Targeted Efficient Fine-tuning: Optimizing Parameter Updates with Data-Driven Sample Selection
This work addresses computational inefficiency in fine-tuning for NLP practitioners, but it is incremental as it builds on existing FISH Mask methods.
The paper tackles the problem of inefficient parameter selection in fine-tuning large language models by proposing the Iterative Range Decreasing (IRD) algorithm, which optimizes sample-parameter pair selection using Fisher information and achieves improved performance on the GLUE benchmark compared to baseline methods.
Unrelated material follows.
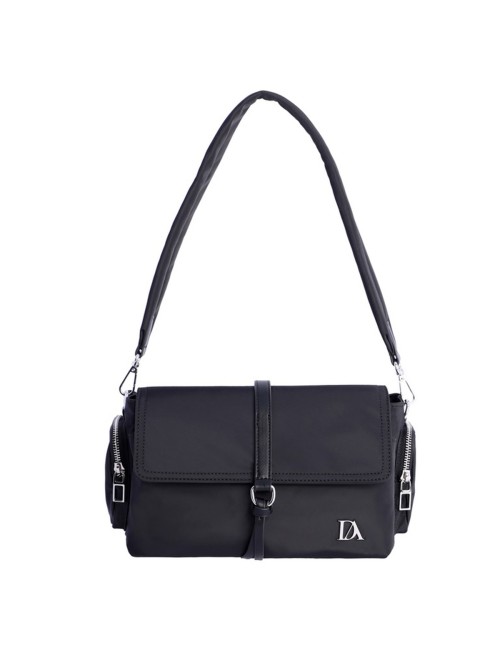 BOLSO BANDOLERA NAILON CON SOLAPA Y TIRA CENTRAL NEGRO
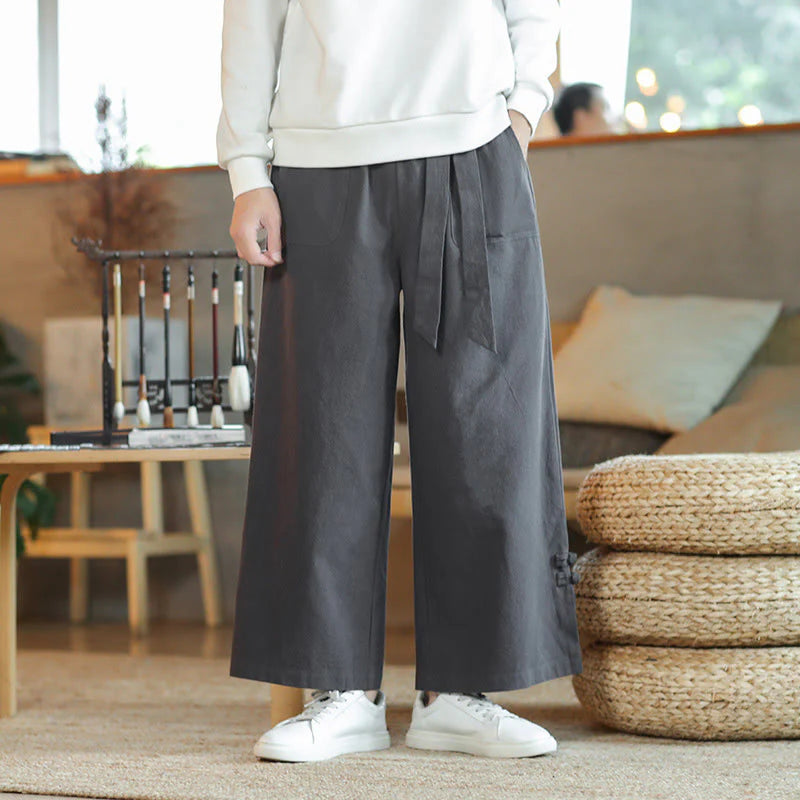 Buddha Stones Fall Drawstring Chinese Frog-Button Men's Wide Leg Cotton Pants With Pockets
Fine-tuning all parameters of Large Language Models (LLMs) is computationally expensive. Parameter-Efficient Fine-Tuning (PEFT) methods address this by selectively fine-tuning specific parameters. Most of the parameter efficient fine-tuning (PEFT) methods center on selecting or introducing a set of parameters to be fine-tuned. However, there are few methods that consider the impact of data samples on parameter selecting. Representative data driven methods include FISH Mask based method, which randomly selects a portion of data samples as a basis when selecting parameters. However, this random data sample selection method cannot select optimal parameters for unstable data distribution. In this work, we introduce a data-centric approach and propose the Iterative Range Decreasing (IRD) algorithm to optimize the sample-parameter pair selection in FISH Mask. IRD iteratively refines the selection by identifying subsets of samples and parameters exhibiting higher Fisher information. We demonstrate the effectiveness and rationality of proposed strategy by conducting experiments on GLUE benchmark. Experimental results show our strategy optimizes the parameter selection and achieves preferable performance over some typical baseline methods.